Irish Bagpipes vs Scottish Bagpipes

One of the reasons I decided to do this post is because, frankly, I want to learn what the difference is. I’ve always kind of known there is a difference between the Irish and Scottish bagpipes, but I’d never have been able to actually tell you what the difference was. I knew about as much about the difference as I know about residential roofing contractors. I didn’t even know that there are sub-categories of bagpipes. Fun fact! There are. We won’t get into all of them here, but if you want to learn some bagpipe basics, all you have to do it keep reading!

First of all, let’s establish that the use of bagpipes is not exclusive to the Celtic cultures of the British Isles. Far from it, as bagpipes can be found throughout Europe and also in parts of Asia. Another thing I didn’t know. I’m learning so much! The two types we’ll be focusing on here, however, are the two main types found in the British Isles, which are the Irish bagpipes, known as the Uilleann or the Elbow (seen above), and the Scottish, called the Great Highland or Small Border.

The Great Highland is probably the bagpipe that immediately comes to mind when you think bagpipe. They owe their popularity largely to the 19th century colonisation by the British Empire, so you can find this bagpipe used from Australia to India to Canada. Traditionally, the Great Highland was played for a number of very different occasions.
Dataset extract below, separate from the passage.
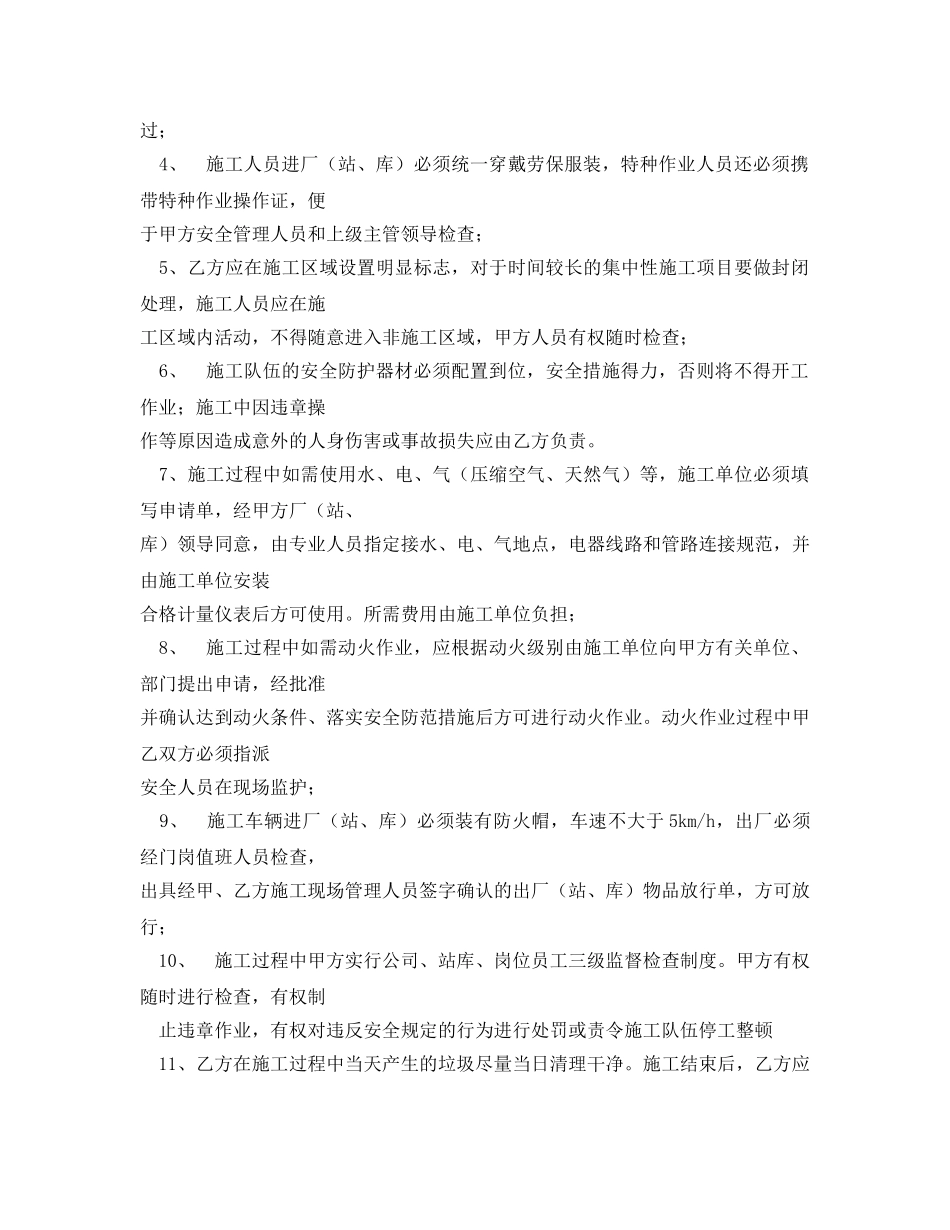 《安全管理文档》之施工安全协议书范本 _第2页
Certainly the most serious is as an intimidation tactic in war. Imagine an army of Scots marching towards you, led by a proud line of pipers, playing as loudly as they can, keeping the beat of the men’s march. I would find that pretty intimidating.

Rather less severe was their use in outdoor community events and dances. The Great Highlander is held under the left arm, and the arm is then used to squeeze the air the piper is blowing out through the three drones and the chanter. The chanter on a Great Highlander has eight holes, so only nine notes can be played, and the tonic notes are somewhere in the B range. Also, the Great Highlander is pretty loud. Happily, the Small Lowland Pipe, or Parlour Pipe, are smaller versions of the Great Highlander, and are pitched to A and D, so they’re all-around better for an indoor pub jam session.
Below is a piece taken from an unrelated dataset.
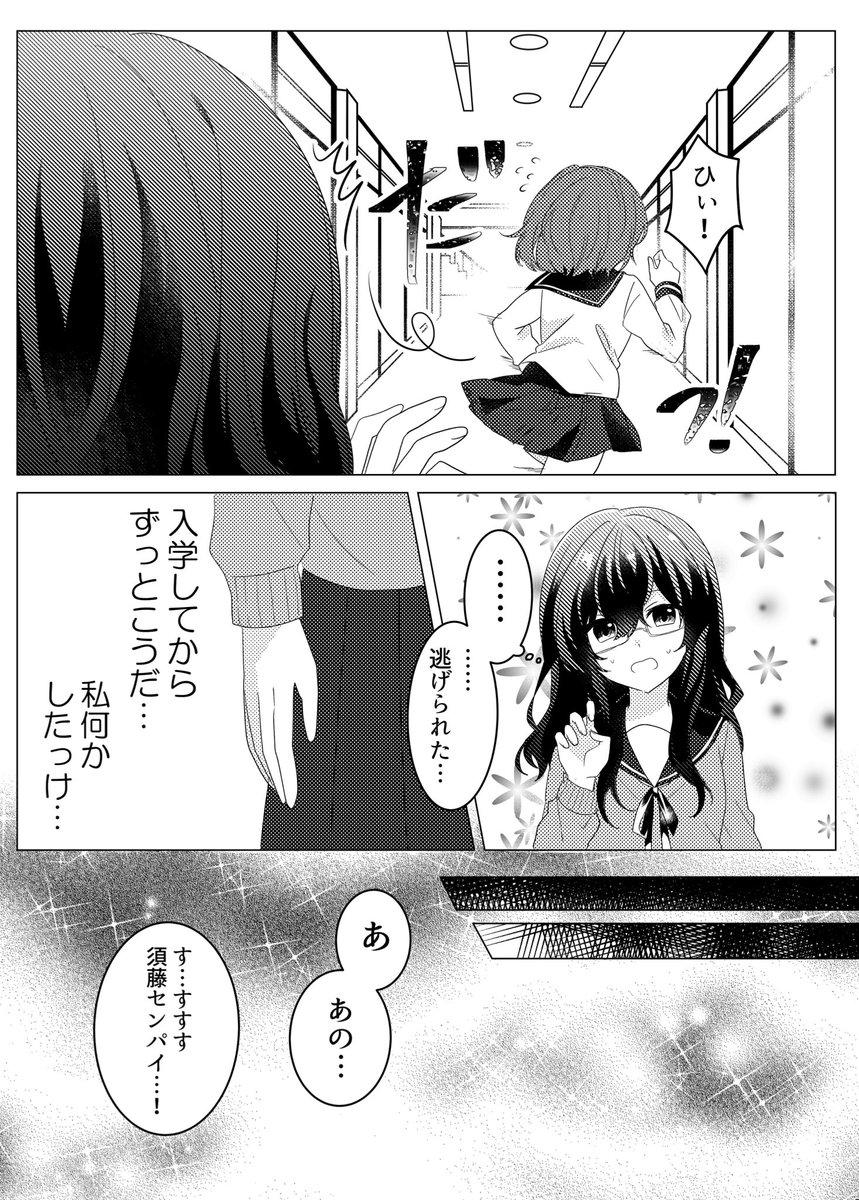 女子高の陰キャ姫
作者:ソーダ水(@SOD_073294 )
原案:デス山ハナ子
#COMITIA143
#百合妄想アンソロ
The Uilleann pipes are actually quite different. It’s a bit hard to explain, but basically they’ve still got a melody chanter and at least three drones, but they’ve also got three regular stocks, and these stocks have keys, and allow for chordal accompaniment when desired. Which is super cool. So, from what I gather, the Great Highlander is always open at the end, so the sound can’t be stopped, but in the case of the Uilleann pipes, it’s possible for the sound to be completely stopped when the piper pleases. This seems to be because the end of the chanter is against the piper’s thigh, and thus when all the key holes are closed, the sounds stops. Couple more fun facts! The Uilleann pipes have a chanter that’s two full octaves, and can even be played chromatically! The most popular today are those pitched to Concert D, because they can be played easily with other instruments.